Description of the task: Among the lines below, a stretch begins at the one with "59 Chevorlet Owners Manual" and ends at the one with "Mulus!Pemerintah Bangun Jalan". Repeat that stretch exactly, ends included.

Data section:
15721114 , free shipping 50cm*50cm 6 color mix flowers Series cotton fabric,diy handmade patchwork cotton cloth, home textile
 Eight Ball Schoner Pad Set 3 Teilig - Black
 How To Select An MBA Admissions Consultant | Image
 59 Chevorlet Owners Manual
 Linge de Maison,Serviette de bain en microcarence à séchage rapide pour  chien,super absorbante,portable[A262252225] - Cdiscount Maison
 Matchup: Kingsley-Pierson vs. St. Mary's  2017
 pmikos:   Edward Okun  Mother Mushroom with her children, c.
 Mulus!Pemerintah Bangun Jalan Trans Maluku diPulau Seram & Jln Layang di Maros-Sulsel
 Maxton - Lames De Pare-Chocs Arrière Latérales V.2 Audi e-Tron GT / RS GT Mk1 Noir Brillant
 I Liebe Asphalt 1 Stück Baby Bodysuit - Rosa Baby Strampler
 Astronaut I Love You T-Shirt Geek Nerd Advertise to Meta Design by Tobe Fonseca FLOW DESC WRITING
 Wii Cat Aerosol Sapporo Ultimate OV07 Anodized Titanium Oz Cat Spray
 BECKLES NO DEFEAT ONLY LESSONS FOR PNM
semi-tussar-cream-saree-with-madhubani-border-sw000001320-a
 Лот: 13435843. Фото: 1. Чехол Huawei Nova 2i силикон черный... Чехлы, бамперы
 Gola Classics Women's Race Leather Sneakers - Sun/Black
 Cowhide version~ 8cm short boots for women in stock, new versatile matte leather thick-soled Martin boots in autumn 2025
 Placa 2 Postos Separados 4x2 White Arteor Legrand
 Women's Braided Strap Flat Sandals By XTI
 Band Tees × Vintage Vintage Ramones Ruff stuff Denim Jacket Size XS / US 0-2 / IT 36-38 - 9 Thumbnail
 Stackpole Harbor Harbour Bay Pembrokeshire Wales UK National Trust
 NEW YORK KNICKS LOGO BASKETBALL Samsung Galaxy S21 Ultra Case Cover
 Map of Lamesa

Answer to the problem:
 59 Chevorlet Owners Manual
 Linge de Maison,Serviette de bain en microcarence à séchage rapide pour  chien,super absorbante,portable[A262252225] - Cdiscount Maison
 Matchup: Kingsley-Pierson vs. St. Mary's  2017
 pmikos:   Edward Okun  Mother Mushroom with her children, c.
 Mulus!Pemerintah Bangun Jalan Trans Maluku diPulau Seram & Jln Layang di Maros-Sulsel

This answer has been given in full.